What the exercise asks: Report how many lines of the material contain the string "Anonymous". Add nothing beyond the number.
——————
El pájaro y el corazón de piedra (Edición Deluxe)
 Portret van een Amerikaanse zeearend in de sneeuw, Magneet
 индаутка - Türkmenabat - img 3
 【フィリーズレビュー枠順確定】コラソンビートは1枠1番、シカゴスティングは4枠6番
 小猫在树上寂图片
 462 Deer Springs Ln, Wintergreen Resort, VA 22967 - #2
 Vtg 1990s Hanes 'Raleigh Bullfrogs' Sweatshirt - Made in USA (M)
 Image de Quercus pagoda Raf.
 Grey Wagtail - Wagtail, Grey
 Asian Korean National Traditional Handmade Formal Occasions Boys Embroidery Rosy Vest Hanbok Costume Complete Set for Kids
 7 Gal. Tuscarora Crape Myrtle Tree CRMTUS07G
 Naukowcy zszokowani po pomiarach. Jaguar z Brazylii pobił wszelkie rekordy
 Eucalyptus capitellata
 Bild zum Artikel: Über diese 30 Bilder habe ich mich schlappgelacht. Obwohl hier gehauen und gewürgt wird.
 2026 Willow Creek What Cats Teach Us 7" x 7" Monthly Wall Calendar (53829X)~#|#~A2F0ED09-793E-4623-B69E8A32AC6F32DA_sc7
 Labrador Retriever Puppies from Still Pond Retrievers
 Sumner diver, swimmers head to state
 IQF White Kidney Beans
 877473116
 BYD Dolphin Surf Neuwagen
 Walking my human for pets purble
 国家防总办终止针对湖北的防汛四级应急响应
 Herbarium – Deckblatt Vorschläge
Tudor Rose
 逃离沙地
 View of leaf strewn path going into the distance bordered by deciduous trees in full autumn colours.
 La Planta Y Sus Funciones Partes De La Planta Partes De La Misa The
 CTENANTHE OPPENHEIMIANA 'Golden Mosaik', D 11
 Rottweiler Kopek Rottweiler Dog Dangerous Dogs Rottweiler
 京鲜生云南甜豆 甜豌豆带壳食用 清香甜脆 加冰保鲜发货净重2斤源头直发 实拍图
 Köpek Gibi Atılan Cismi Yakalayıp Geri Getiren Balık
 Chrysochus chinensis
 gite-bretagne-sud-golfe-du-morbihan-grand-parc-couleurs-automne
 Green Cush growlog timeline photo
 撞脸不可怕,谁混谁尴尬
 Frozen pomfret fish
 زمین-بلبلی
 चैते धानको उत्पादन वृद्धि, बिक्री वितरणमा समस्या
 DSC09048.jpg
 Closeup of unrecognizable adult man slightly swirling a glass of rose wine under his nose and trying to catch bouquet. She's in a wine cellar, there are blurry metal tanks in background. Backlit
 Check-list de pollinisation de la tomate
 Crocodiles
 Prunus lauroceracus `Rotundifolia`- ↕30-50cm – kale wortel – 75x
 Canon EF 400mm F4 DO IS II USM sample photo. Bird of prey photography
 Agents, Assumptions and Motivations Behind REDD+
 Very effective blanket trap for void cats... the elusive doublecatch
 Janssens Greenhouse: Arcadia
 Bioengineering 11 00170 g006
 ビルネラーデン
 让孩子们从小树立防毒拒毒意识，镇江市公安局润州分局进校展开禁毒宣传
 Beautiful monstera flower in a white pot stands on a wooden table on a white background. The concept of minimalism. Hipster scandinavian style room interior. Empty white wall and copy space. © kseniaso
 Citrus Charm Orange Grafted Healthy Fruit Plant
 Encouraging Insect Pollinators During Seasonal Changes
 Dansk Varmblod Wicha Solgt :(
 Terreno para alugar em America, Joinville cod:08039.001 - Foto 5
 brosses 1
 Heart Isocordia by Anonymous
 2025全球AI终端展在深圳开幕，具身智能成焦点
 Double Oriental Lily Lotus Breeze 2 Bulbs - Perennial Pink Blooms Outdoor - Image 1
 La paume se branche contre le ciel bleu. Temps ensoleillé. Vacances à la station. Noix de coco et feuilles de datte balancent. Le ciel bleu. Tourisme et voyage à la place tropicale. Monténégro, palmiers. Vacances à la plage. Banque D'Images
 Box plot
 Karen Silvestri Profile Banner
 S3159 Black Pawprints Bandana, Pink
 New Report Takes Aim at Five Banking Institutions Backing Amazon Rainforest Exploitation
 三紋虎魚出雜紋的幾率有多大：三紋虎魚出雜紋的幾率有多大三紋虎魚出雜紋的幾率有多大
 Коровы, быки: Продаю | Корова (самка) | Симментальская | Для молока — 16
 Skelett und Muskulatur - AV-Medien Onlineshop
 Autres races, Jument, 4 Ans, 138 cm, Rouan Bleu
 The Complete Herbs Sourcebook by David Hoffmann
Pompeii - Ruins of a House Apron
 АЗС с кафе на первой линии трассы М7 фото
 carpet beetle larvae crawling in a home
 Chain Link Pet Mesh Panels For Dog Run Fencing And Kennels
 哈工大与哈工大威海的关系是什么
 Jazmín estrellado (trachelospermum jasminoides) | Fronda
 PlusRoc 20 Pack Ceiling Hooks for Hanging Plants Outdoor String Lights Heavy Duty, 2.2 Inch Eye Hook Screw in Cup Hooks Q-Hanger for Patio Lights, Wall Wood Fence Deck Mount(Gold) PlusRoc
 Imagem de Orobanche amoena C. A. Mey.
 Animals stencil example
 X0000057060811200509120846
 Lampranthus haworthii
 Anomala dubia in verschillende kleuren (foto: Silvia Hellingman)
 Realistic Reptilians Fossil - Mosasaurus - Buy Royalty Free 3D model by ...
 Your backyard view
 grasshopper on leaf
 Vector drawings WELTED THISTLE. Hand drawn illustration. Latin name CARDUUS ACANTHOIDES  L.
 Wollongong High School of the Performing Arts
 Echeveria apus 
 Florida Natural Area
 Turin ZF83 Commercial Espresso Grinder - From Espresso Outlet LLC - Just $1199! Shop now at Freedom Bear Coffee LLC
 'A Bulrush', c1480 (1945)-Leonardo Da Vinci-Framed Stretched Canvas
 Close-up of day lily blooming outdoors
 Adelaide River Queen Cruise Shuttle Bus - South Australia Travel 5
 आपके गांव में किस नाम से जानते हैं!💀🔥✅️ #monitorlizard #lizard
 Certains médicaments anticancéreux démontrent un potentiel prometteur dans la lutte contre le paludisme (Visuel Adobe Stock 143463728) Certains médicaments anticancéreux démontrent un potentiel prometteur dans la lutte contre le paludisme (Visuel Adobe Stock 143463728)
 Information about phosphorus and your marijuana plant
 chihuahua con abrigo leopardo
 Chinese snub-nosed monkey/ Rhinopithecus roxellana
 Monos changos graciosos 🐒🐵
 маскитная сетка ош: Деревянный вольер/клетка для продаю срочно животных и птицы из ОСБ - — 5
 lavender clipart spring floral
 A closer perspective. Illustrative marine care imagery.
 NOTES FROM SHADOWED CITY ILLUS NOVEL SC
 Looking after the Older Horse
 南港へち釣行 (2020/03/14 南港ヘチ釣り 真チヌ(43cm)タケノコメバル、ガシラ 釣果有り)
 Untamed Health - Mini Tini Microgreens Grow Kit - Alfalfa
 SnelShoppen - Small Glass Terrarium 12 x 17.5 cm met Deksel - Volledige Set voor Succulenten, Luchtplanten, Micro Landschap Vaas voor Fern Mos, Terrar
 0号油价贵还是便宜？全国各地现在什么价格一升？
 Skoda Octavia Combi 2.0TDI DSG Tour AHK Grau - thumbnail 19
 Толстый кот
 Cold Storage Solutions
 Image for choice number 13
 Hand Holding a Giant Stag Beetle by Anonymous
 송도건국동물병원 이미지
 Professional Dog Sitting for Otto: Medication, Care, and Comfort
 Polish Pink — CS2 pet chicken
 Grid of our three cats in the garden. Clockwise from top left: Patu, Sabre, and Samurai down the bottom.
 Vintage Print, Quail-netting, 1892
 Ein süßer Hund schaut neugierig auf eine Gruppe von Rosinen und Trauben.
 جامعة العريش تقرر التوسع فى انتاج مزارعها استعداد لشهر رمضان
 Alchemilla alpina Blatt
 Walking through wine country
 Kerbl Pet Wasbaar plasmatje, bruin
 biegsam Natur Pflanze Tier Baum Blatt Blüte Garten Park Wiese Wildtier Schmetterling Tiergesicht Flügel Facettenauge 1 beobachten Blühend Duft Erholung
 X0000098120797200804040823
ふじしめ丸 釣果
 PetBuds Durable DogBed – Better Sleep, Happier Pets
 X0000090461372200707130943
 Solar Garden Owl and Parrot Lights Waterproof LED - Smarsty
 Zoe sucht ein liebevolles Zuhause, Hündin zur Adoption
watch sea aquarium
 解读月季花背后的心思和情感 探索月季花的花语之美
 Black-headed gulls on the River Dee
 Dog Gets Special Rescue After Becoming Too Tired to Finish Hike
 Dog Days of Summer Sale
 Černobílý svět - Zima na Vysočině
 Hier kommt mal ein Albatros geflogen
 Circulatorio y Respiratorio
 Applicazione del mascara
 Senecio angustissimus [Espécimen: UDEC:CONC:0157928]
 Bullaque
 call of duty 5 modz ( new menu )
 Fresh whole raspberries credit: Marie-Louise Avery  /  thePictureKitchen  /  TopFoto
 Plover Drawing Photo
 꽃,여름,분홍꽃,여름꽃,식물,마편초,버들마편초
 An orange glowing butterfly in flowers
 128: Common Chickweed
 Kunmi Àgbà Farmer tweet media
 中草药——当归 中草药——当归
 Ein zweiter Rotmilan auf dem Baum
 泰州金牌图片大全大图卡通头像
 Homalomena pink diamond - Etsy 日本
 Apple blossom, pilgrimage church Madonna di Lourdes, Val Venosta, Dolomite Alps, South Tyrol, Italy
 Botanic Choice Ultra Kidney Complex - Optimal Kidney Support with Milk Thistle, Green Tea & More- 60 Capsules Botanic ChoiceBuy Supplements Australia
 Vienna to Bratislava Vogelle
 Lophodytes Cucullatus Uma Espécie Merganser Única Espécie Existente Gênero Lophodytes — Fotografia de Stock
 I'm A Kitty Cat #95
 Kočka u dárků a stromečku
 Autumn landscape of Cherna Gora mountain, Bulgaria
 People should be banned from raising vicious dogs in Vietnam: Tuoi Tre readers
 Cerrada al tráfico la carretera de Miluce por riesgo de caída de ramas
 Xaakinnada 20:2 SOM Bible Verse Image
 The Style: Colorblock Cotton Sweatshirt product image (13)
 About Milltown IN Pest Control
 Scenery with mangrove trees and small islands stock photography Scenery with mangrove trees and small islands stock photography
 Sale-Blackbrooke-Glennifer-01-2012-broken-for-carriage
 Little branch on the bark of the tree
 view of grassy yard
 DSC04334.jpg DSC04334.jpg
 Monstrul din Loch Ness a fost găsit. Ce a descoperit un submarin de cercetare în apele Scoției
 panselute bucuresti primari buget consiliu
——————
The answer: 2